Thursday, October 22, 2009

 

How To Win!

Milt Stanley quotes at great length Arminian Today. The opening sentence of the pullquote is one for the ages:
What we don't need is to try to win the world using the world, but we need to be Christ to the world and allow His glory to shine through us (Matthew 5:13-16; 1 Peter 2:11-12).
I love the use of the word "win." That is an important word in our world. We win games; we win market share for our businesses; we win readers for our blogs; we win members for our churches and we win converts for Jesus. And each time we use the word it invokes images of standing on the top step at the Olympics, spiking the ball in the end zone, or cutting down the nets.

And yet, what are the images of Christ's big win? -- An instrument of death and a barely noticed empty tomb. These images do not conjure the adrenaline "high" we typically associate with winning. The Apostle Paul wrote about winning:
1 Cor 9:19-27 - For though I am free from all men, I have made myself a slave to all, that I might win the more. And to the Jews I became as a Jew, that I might win Jews; to those who are under the Law, as under the Law, though not being myself under the Law, that I might win those who are under the Law; to those who are without law, as without law, though not being without the law of God but under the law of Christ, that I might win those who are without law. To the weak I became weak, that I might win the weak; I have become all things to all men, that I may by all means save some. And I do all things for the sake of the gospel, that I may become a fellow partaker of it.

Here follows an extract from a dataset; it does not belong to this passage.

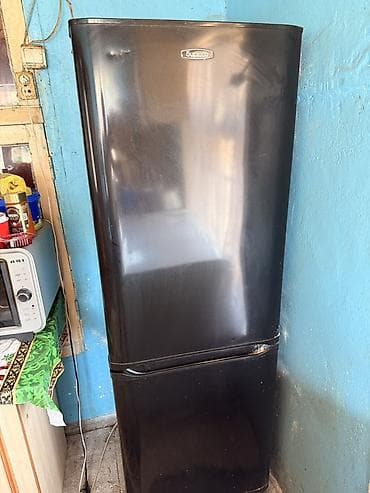 2 qapılı Biryusa Soyuducu Satılır, rəng - Qara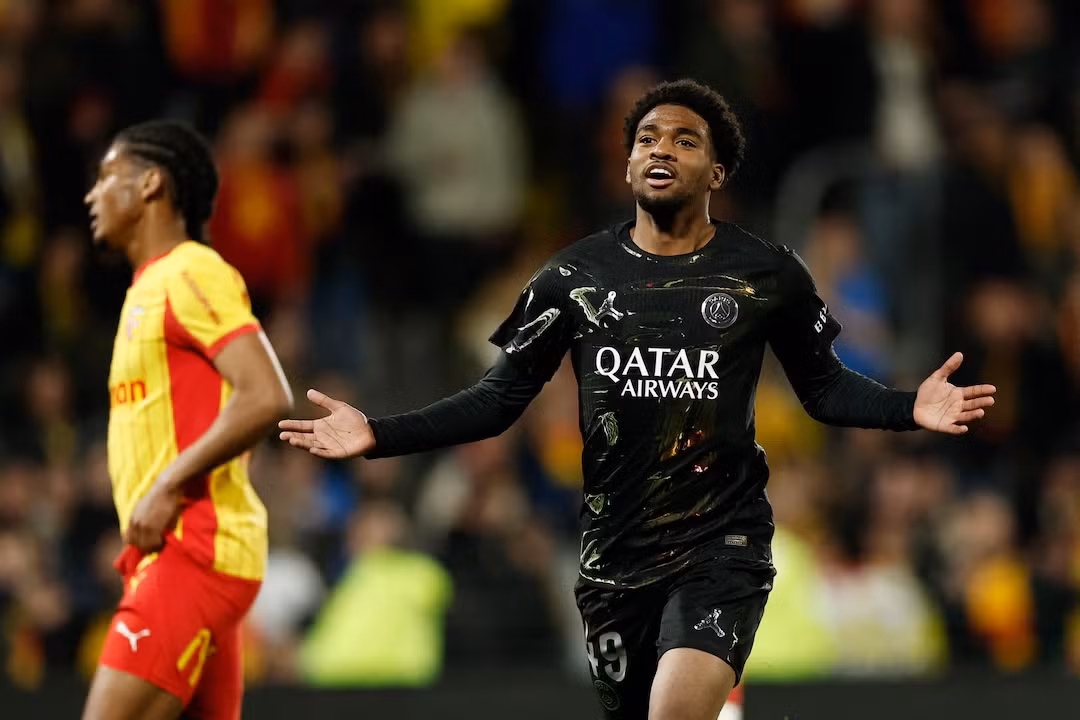 PSG vô địch Ligue 1 lần thứ 14 trong lịch sử -0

Do you not know that those who run in a race all run, but {only} one receives the prize? Run in such a way that you may win. And everyone who competes in the games exercises self-control in all things. They then do it to receive a perishable wreath, but we an imperishable. Therefore I run in such a way, as not without aim; I box in such a way, as not beating the air; but I buffet my body and make it my slave, lest possibly, after I have preached to others, I myself should be disqualified.
That's a very different sort of winning - it's about others, or a fear of the consequences of losing. No glory, no celebration, just self-sacrifice.

That's how Christians win. What would a church that wanted to win that way look like? Somehow I cannot help but think that it would be quite a bit differently than it looks now.